Md Abu Jafor is a Bangladeshi pediatric surgeon. He was the director general of Directorate General of Health Services of Bangladesh.

== Education ==
Jafor passed MBBS from Sir Salimullah Medical College. He obtained MCPS and FCPS degree in surgery from Bangladesh College of Physicians and Surgeons. He also obtained MS degree in pediatric surgery from Bangladesh Institute of Child Health.

== Career ==
Jafor is a member of 13th batch of Bangladesh Civil Service.
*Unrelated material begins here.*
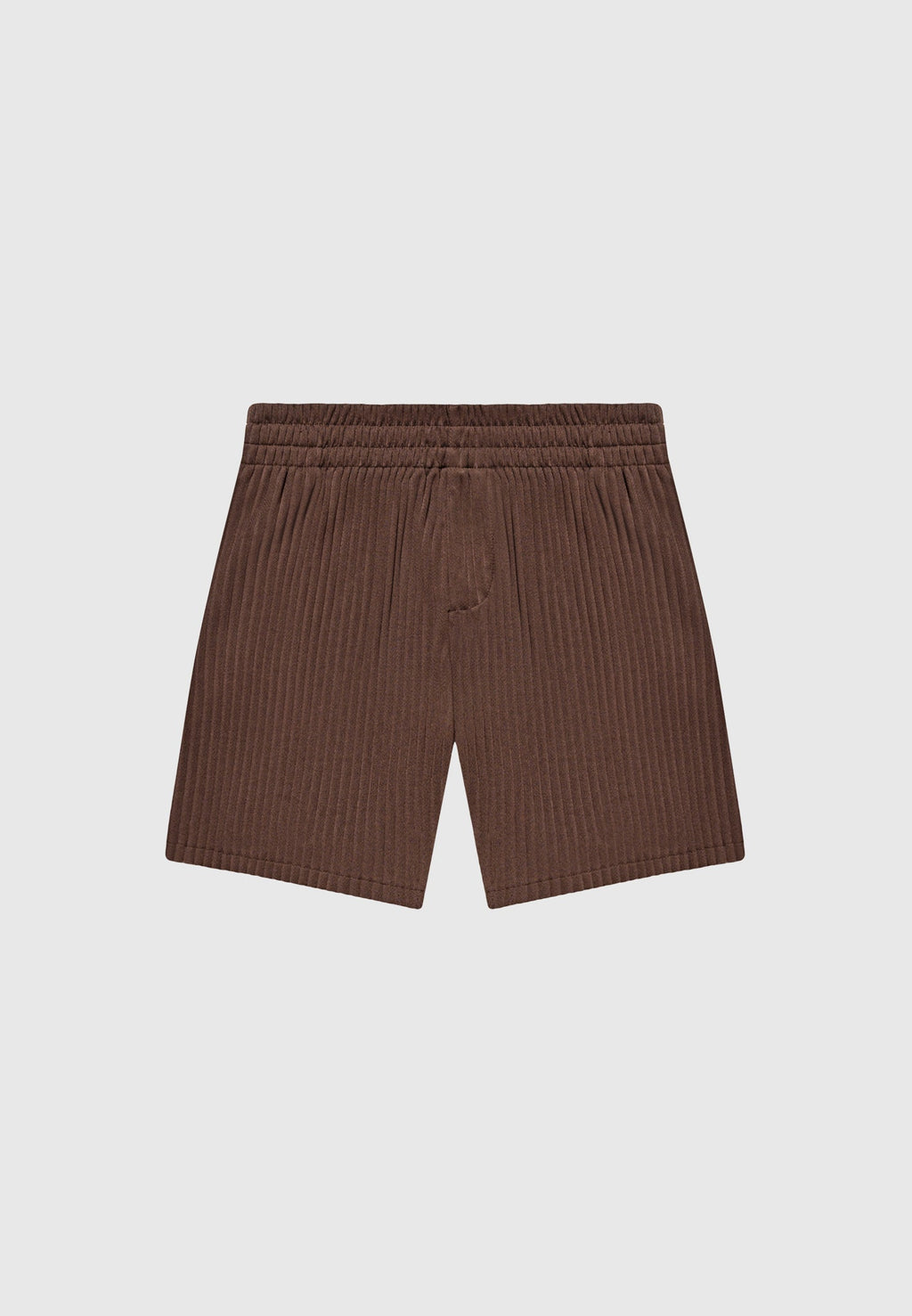 Pleated Shorts - Brown
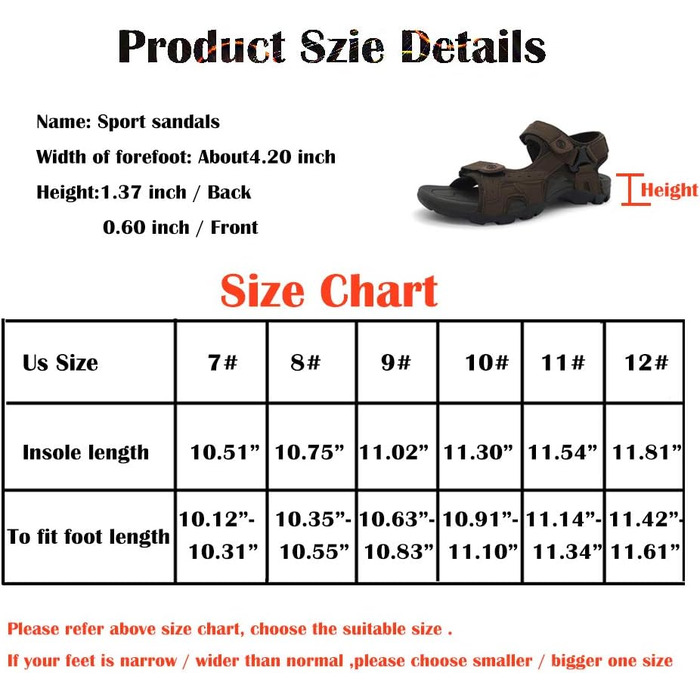 Чоловічі сандалі HEVA шкіряні для активного відпочинку, спорту, трекінгу та походів 43 EU коричневі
His career began in 1994 as a medical officer at Sakhipur Union Health Sub-centre of Bhedarganj upazila of Shariatpur district. After that, he served as assistant registrar, assistant professor, associate professor and professor in pediatric surgery department in various institutions including Rajshahi Medical College and Dhaka Medical College Hospital. Before appointed as Director General of Directorate General of Health Services he was working as a professor and head of department of pediatric surgery at Sir Salimullah Medical College, Dhaka.

On 15 October 2024, he was appointed as the Director General of Directorate General of Health Services.

== Research ==
Jafor has published significant papers on various complex diseases in pediatric surgery, such as intestinal atresia, pyloric stenosis and choledochal cyst management. He has authored numerous research papers in national and international medical journals.